На железнодорожном вокзале пригляделся к способу выживания местных жителей. Вокзал этот находится поодаль от самого города. Это в общем-то неплохо — милиция туда почти не заглядывает. Но при этом грязный, обшарпанный, холодный вокзал, напоминает каменный сарай. Там так холодно, что спать почти невозможно. Двери практически не закрываются. Скамейки изрезаны и исписаны всякой нецензурщиной. Стены тоже исписаны, пол засыпан окурками. Пассажиров как таковых, маловато. Зато много людей торгующих ягодой (почти поголовно — клюквой). В брезентовых накидках и резиновых бахилах, с ведёрками ягоды в руках, сидят они насупившись и сжавшись, будто огромные серые воробьи. Ждут поезда. Тихонько переговариваются между собой, постоянно покашливая. Жалуются, что по трое суток кормят комаров на болоте, а потом по трое суток собранное продают. Может и преувеличивают малость, но лица у многих действительно изъедены комарами и мошкарой капитально. Тут не Подмосковье, от здешних комаров никакими мазями не спасёшься. И они здесь какие-то холодостойкие — летают и пируют при такой температуре, при которой и человек-то дрожмя дрожит. Глядя на этих людей, уж и не знаешь что считать большим из зол — наличие колхозов, в которых работникам ни хрена не платят, или отсутствие таковых, что автоматически означает безработицу для большинства местных сельчан…
46
Зима с 1998 на 99 год, была для меня поистине убийственной. Промотав последние копейки в поездках по колхозам (и не только колхозам) в идиотски наивной надежде "где-то как-то устроиться, как все нормальные люди", я оказался в отчаянном положении, когда зима обрушилась на мою неподготовленную (во всех отношениях) голову. В ту зиму мне искренне не верилось, что я выживу, дотяну до весны. Полуголодный, полузамёрзший, полусонный, одетый явным бомжом, я был хреновым работником и думал только о том, где бы погреться, посушиться, поесть, поспать. Ночевал одно время в подъездах многоэтажных домов города Жуковский (станция называется "Отдых" — это по казанскому направлению, примерно час езды от Москвы на электричке). В Москве-то, на дверях подъездов, стоят кодовые замки, да домофоны. В Жуковском тогда эти новшества ещё не прижились.
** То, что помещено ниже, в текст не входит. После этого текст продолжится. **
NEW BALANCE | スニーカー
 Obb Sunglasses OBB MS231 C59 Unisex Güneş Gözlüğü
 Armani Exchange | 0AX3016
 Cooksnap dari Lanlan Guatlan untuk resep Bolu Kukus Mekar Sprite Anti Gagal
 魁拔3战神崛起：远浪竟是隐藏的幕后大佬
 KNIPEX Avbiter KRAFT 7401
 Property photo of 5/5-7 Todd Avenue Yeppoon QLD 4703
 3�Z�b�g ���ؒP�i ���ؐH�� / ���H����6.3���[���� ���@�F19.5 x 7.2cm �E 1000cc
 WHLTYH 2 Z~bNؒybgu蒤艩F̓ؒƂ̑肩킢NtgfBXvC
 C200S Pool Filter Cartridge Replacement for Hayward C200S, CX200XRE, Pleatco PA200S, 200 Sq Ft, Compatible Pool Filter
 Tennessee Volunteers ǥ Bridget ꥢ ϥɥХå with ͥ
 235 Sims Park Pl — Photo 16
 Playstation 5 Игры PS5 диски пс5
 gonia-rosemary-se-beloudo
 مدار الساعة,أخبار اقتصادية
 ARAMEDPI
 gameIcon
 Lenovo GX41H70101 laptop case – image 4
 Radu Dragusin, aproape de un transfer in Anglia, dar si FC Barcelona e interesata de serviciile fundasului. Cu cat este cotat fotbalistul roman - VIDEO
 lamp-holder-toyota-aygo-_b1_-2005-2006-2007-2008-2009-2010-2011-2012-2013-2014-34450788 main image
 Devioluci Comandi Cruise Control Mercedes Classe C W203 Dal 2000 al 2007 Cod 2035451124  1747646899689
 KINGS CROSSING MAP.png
На столичных вокзалах, без билета на поезд дальнего следования, не пускали людей даже в платные залы. Правда кое-где ещё существовали залы бесплатные — но туда ночью соваться не следовало (днём — ещё так-сяк). На Киевском вокзале, например, бомжей просто забивали, запинывали до полусмерти, сразу после ухода последней электрички — и вокзал закрывался на ночь (одно время вроде перестал закрываться, потом опять ввели эту практику). Избитых людей гнали (кто не мог идти — выволакивали) на улицу, где они медленно загибались от холода — прямо под стенами вокзала. Всегда, практически каждую ночь, можно было видеть умирающих на улице людей, до которых никому не было никакого дела.